EXERCISE DATA: Begin

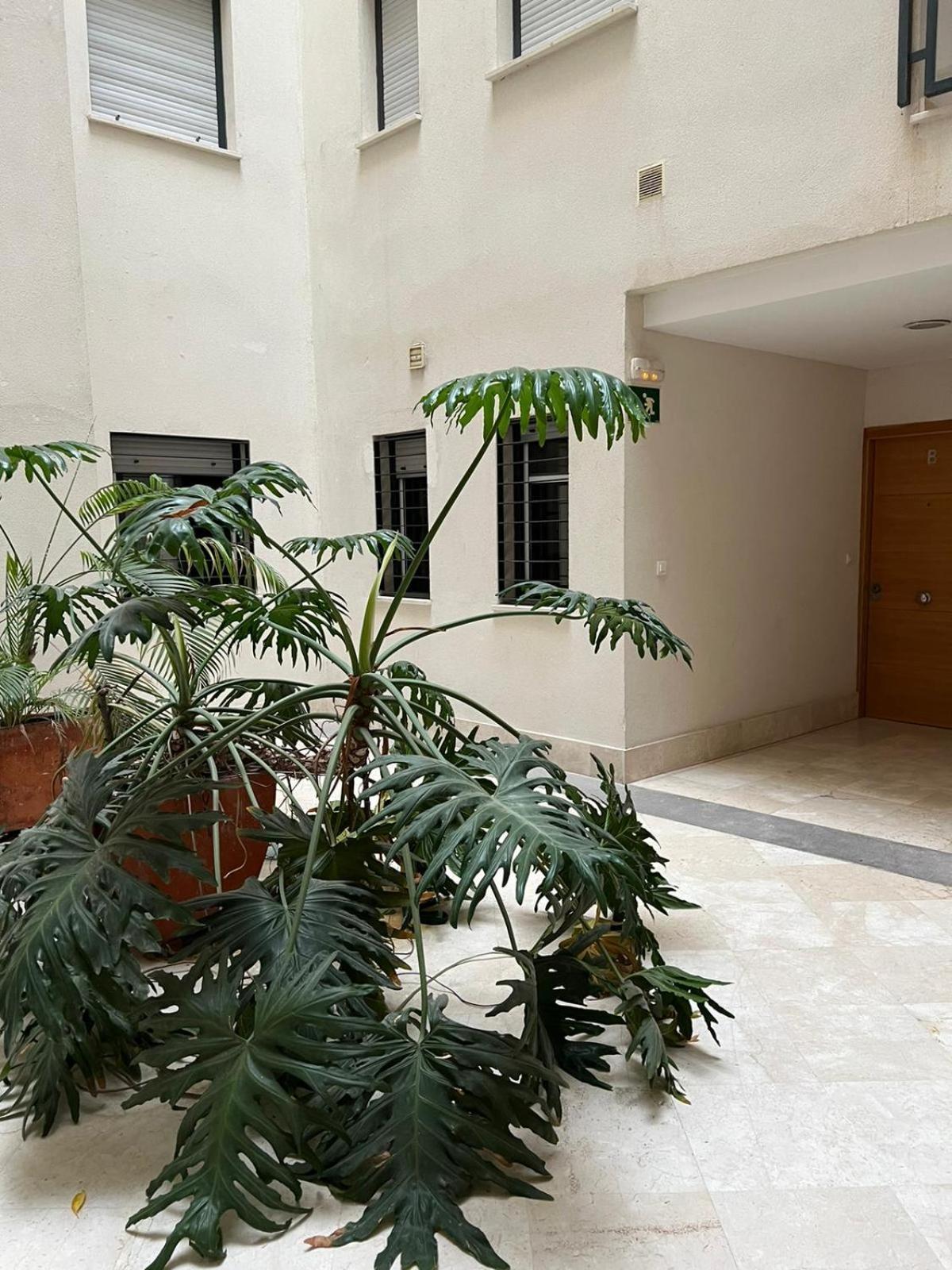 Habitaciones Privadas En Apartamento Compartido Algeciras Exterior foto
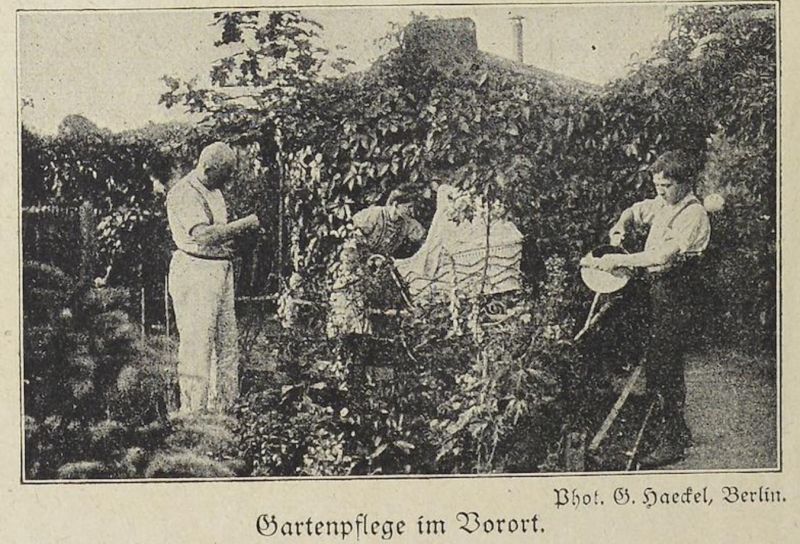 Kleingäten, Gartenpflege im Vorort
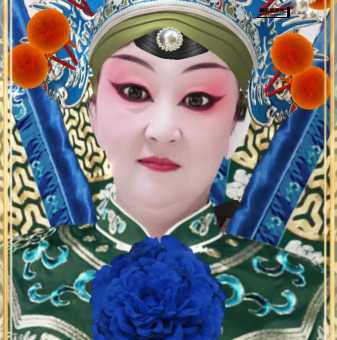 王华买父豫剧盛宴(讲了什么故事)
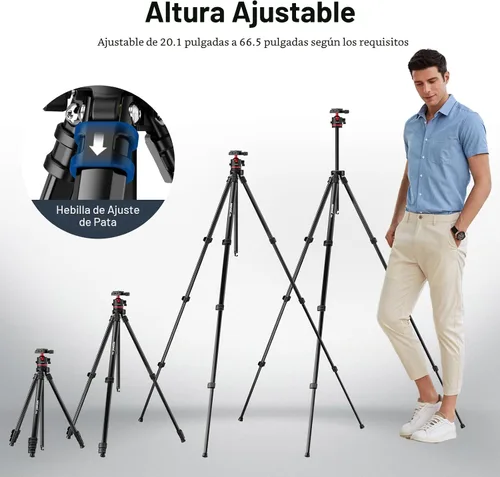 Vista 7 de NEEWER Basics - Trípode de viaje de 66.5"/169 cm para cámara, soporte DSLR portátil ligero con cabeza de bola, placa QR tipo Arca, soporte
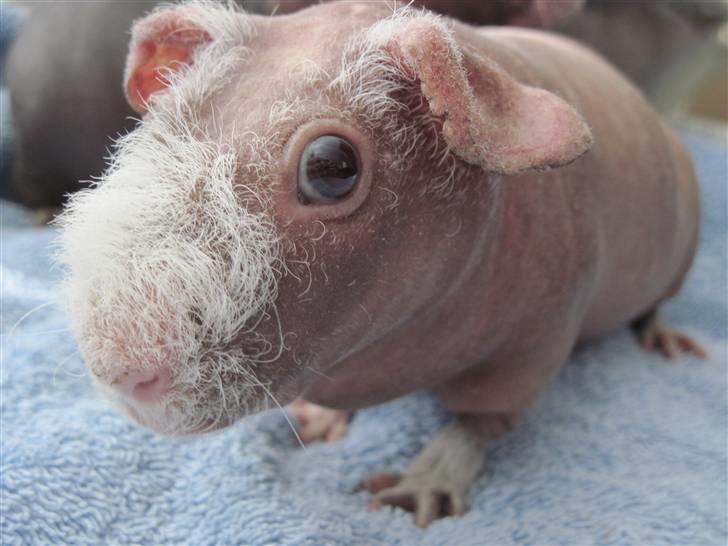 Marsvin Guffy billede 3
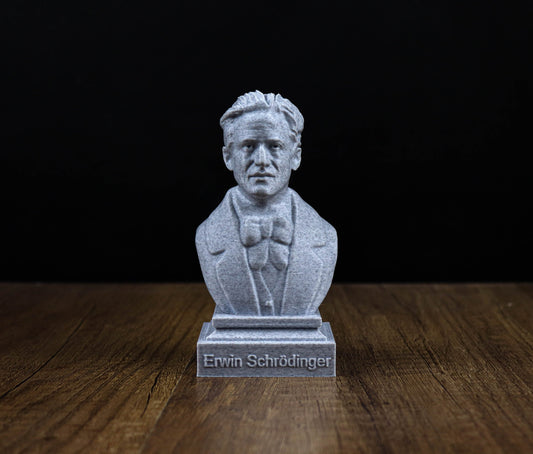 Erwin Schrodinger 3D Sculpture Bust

EXERCISE DATA: End

* EXERCISE: Each entry above must be duplicated precisely; none of the pictures may be included.

* OUTPUT:
 Habitaciones Privadas En Apartamento Compartido Algeciras Exterior foto
 Kleingäten, Gartenpflege im Vorort
 王华买父豫剧盛宴(讲了什么故事)
 Vista 7 de NEEWER Basics - Trípode de viaje de 66.5"/169 cm para cámara, soporte DSLR portátil ligero con cabeza de bola, placa QR tipo Arca, soporte
 Marsvin Guffy billede 3
 Erwin Schrodinger 3D Sculpture Bust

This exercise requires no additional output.